=== Begin Enclosure ===

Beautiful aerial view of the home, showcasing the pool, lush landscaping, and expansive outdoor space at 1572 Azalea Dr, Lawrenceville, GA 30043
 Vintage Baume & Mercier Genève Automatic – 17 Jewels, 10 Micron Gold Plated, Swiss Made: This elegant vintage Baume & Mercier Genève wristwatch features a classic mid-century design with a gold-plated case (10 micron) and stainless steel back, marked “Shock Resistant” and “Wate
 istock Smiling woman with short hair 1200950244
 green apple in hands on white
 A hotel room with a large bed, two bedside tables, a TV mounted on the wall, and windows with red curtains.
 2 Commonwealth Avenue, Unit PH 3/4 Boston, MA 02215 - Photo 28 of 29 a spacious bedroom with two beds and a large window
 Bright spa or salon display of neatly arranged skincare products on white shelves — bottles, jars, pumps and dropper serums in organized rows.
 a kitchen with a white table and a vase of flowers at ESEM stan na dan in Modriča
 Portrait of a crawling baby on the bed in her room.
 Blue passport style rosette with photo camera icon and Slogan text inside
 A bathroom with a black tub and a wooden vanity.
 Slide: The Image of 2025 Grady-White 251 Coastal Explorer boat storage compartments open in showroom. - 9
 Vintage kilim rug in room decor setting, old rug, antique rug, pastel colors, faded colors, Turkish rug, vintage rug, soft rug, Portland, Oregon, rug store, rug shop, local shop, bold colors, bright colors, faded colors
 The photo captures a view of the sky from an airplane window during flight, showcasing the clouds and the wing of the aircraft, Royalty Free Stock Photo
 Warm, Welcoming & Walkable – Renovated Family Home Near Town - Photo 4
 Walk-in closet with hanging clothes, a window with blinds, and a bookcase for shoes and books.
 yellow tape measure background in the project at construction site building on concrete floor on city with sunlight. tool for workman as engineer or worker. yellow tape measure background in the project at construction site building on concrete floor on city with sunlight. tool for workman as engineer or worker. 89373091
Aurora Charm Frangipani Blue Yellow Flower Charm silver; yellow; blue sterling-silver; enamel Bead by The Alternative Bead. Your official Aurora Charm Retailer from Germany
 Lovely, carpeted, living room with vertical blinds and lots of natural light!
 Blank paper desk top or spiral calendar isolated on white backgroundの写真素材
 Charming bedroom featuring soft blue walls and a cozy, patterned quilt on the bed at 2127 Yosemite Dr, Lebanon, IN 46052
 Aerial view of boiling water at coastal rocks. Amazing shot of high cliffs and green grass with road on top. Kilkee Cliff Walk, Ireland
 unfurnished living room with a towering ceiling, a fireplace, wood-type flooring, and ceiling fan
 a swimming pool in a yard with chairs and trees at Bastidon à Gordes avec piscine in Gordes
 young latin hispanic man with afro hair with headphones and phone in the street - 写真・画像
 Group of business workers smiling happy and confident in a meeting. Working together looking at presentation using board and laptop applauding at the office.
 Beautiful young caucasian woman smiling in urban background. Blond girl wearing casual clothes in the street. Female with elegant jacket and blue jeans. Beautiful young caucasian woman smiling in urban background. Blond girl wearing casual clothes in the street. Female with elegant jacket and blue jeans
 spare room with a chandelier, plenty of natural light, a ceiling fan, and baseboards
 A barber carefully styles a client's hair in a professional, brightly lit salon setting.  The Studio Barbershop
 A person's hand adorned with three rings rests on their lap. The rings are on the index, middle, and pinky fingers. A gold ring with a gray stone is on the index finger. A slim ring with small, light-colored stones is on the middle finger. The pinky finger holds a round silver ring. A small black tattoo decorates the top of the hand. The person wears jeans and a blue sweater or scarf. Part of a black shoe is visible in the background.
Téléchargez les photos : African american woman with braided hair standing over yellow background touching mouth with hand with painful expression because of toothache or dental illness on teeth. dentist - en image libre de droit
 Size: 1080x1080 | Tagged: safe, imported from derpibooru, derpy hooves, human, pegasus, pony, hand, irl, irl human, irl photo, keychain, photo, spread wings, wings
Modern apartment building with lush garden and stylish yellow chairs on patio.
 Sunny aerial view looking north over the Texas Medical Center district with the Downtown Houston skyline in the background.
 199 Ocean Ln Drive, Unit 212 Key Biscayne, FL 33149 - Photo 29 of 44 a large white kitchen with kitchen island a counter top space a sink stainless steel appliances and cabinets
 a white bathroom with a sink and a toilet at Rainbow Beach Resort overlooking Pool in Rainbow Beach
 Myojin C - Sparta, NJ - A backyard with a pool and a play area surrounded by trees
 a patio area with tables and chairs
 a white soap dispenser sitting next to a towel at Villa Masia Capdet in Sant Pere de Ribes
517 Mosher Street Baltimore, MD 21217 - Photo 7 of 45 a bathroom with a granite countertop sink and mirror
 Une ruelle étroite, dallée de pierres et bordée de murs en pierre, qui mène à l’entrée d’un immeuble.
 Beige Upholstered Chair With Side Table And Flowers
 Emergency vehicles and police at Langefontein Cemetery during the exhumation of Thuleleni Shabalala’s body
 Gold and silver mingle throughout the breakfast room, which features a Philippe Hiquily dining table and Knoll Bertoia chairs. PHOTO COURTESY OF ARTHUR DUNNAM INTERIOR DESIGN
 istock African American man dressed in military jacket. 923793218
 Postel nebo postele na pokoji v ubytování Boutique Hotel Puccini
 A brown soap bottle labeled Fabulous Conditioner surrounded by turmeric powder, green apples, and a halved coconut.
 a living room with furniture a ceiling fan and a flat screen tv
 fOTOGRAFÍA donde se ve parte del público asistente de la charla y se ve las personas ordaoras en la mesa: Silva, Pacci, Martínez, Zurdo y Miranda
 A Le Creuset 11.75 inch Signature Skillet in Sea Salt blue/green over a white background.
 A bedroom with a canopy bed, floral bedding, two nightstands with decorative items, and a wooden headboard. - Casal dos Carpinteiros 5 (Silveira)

=== End Enclosure ===

Each line of the records above should be copied exactly.

Beautiful aerial view of the home, showcasing the pool, lush landscaping, and expansive outdoor space at 1572 Azalea Dr, Lawrenceville, GA 30043
 Vintage Baume & Mercier Genève Automatic – 17 Jewels, 10 Micron Gold Plated, Swiss Made: This elegant vintage Baume & Mercier Genève wristwatch features a classic mid-century design with a gold-plated case (10 micron) and stainless steel back, marked “Shock Resistant” and “Wate
 istock Smiling woman with short hair 1200950244
 green apple in hands on white
 A hotel room with a large bed, two bedside tables, a TV mounted on the wall, and windows with red curtains.
 2 Commonwealth Avenue, Unit PH 3/4 Boston, MA 02215 - Photo 28 of 29 a spacious bedroom with two beds and a large window
 Bright spa or salon display of neatly arranged skincare products on white shelves — bottles, jars, pumps and dropper serums in organized rows.
 a kitchen with a white table and a vase of flowers at ESEM stan na dan in Modriča
 Portrait of a crawling baby on the bed in her room.
 Blue passport style rosette with photo camera icon and Slogan text inside
 A bathroom with a black tub and a wooden vanity.
 Slide: The Image of 2025 Grady-White 251 Coastal Explorer boat storage compartments open in showroom. - 9
 Vintage kilim rug in room decor setting, old rug, antique rug, pastel colors, faded colors, Turkish rug, vintage rug, soft rug, Portland, Oregon, rug store, rug shop, local shop, bold colors, bright colors, faded colors
 The photo captures a view of the sky from an airplane window during flight, showcasing the clouds and the wing of the aircraft, Royalty Free Stock Photo
 Warm, Welcoming & Walkable – Renovated Family Home Near Town - Photo 4
 Walk-in closet with hanging clothes, a window with blinds, and a bookcase for shoes and books.
 yellow tape measure background in the project at construction site building on concrete floor on city with sunlight. tool for workman as engineer or worker. yellow tape measure background in the project at construction site building on concrete floor on city with sunlight. tool for workman as engineer or worker. 89373091
Aurora Charm Frangipani Blue Yellow Flower Charm silver; yellow; blue sterling-silver; enamel Bead by The Alternative Bead. Your official Aurora Charm Retailer from Germany
 Lovely, carpeted, living room with vertical blinds and lots of natural light!
 Blank paper desk top or spiral calendar isolated on white backgroundの写真素材
 Charming bedroom featuring soft blue walls and a cozy, patterned quilt on the bed at 2127 Yosemite Dr, Lebanon, IN 46052
 Aerial view of boiling water at coastal rocks. Amazing shot of high cliffs and green grass with road on top. Kilkee Cliff Walk, Ireland
 unfurnished living room with a towering ceiling, a fireplace, wood-type flooring, and ceiling fan
 a swimming pool in a yard with chairs and trees at Bastidon à Gordes avec piscine in Gordes
 young latin hispanic man with afro hair with headphones and phone in the street - 写真・画像
 Group of business workers smiling happy and confident in a meeting. Working together looking at presentation using board and laptop applauding at the office.
 Beautiful young caucasian woman smiling in urban background. Blond girl wearing casual clothes in the street. Female with elegant jacket and blue jeans. Beautiful young caucasian woman smiling in urban background. Blond girl wearing casual clothes in the street. Female with elegant jacket and blue jeans
 spare room with a chandelier, plenty of natural light, a ceiling fan, and baseboards
 A barber carefully styles a client's hair in a professional, brightly lit salon setting.  The Studio Barbershop
 A person's hand adorned with three rings rests on their lap. The rings are on the index, middle, and pinky fingers. A gold ring with a gray stone is on the index finger. A slim ring with small, light-colored stones is on the middle finger. The pinky finger holds a round silver ring. A small black tattoo decorates the top of the hand. The person wears jeans and a blue sweater or scarf. Part of a black shoe is visible in the background.
Téléchargez les photos : African american woman with braided hair standing over yellow background touching mouth with hand with painful expression because of toothache or dental illness on teeth. dentist - en image libre de droit
 Size: 1080x1080 | Tagged: safe, imported from derpibooru, derpy hooves, human, pegasus, pony, hand, irl, irl human, irl photo, keychain, photo, spread wings, wings
Modern apartment building with lush garden and stylish yellow chairs on patio.
 Sunny aerial view looking north over the Texas Medical Center district with the Downtown Houston skyline in the background.
 199 Ocean Ln Drive, Unit 212 Key Biscayne, FL 33149 - Photo 29 of 44 a large white kitchen with kitchen island a counter top space a sink stainless steel appliances and cabinets
 a white bathroom with a sink and a toilet at Rainbow Beach Resort overlooking Pool in Rainbow Beach
 Myojin C - Sparta, NJ - A backyard with a pool and a play area surrounded by trees
 a patio area with tables and chairs
 a white soap dispenser sitting next to a towel at Villa Masia Capdet in Sant Pere de Ribes
517 Mosher Street Baltimore, MD 21217 - Photo 7 of 45 a bathroom with a granite countertop sink and mirror
 Une ruelle étroite, dallée de pierres et bordée de murs en pierre, qui mène à l’entrée d’un immeuble.
 Beige Upholstered Chair With Side Table And Flowers
 Emergency vehicles and police at Langefontein Cemetery during the exhumation of Thuleleni Shabalala’s body
 Gold and silver mingle throughout the breakfast room, which features a Philippe Hiquily dining table and Knoll Bertoia chairs. PHOTO COURTESY OF ARTHUR DUNNAM INTERIOR DESIGN
 istock African American man dressed in military jacket. 923793218
 Postel nebo postele na pokoji v ubytování Boutique Hotel Puccini
 A brown soap bottle labeled Fabulous Conditioner surrounded by turmeric powder, green apples, and a halved coconut.
 a living room with furniture a ceiling fan and a flat screen tv
 fOTOGRAFÍA donde se ve parte del público asistente de la charla y se ve las personas ordaoras en la mesa: Silva, Pacci, Martínez, Zurdo y Miranda
 A Le Creuset 11.75 inch Signature Skillet in Sea Salt blue/green over a white background.
 A bedroom with a canopy bed, floral bedding, two nightstands with decorative items, and a wooden headboard. - Casal dos Carpinteiros 5 (Silveira)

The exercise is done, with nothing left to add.